Banim Bonim (Land of Promise - 1924) Hebrew University Steven Spielberg Jewish Film Archive (link:http://en.jfa.huji.ac.il/)

The Moving Image

Call for Special Issue

The Moving Image, 23.2
“Reflections and Projections: 100 Years of 16mm”

Guest editors: Caroline Frick and Laura Treat

Proposals Due: April 1, 2022

Final Manuscripts Due: September 1, 2022

The Moving Image invites submissions for possible inclusion in a special issue addressing the significant and central role played by 16mm film for nearly 100 years. This important small gauge format influenced decades of medical and educational training; amused and entertained global audiences; served as a fertile training ground for generations of government and Hollywood filmmakers; provided vital infrastructure for the burgeoning television industries; and afforded an opportunity for families, communities, and other non-professionals to document their own lives. As video assumed a more central role within the media industries in the 1970s and 1980s, entire 16mm film collections were discarded and abandoned, increasingly becoming the domain of audiovisual archivists and librarians, museums and historical societies, and networks of private collectors who continue to work to preserve and provide access to these materials to new audiences in innovative ways.

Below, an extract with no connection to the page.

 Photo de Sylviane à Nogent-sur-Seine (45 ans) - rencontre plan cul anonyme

To highlight this important work, and to reflect the unique work of AMIA members, we envision an issue that prioritizes the perspectives of practitioners and others who work with 16mm film collections. In doing so, this issue will privilege discussions of archival practice and labor over traditional long-form academic research articles. For example, we welcome interviews with industrial filmmakers, collection profiles and case studies, “war stories” from the vaults and other lessons learned, or thoughtful reflections upon 16mm as a mode of access and preservation.

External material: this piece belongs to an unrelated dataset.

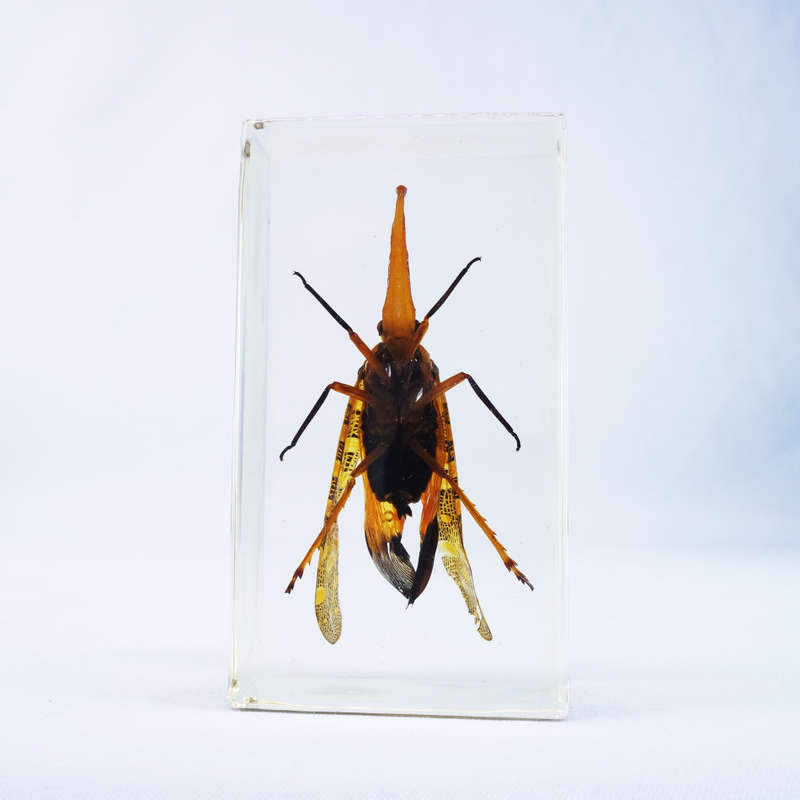 Chinese Lantern Bug in Lucite Paperweight!!! 90mm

Potential topics could include, but are not limited to:

  • Conversations (or reflections upon relationships) with 16mm film producers, filmmakers, editors, color timers, distributors, exhibitors, and/or collectors
  • 16mm film libraries and librarians: Reports from the trenches
  • Highlights of 16mm film collections or archives
  • Profiles of organizations dedicated to the preservation & exhibition of 16mm film
  • 16mm preservation and restoration projects and their related technologies
  • Terrors in the 16mm vaults (or unsolved mysteries…)
  • Reviews of 16mm screenings, exhibitions, and restorations

Possible Submission Types:

  • Feature Articles (4,000-6,000 words)
  • Interviews (1,000-3,000 words)
  • Case Studies (2,000-4,000 words)
  • Institution & Collection Profiles (2,000-4,000 words)
  • We’re happy to discuss any other ideas that you might have!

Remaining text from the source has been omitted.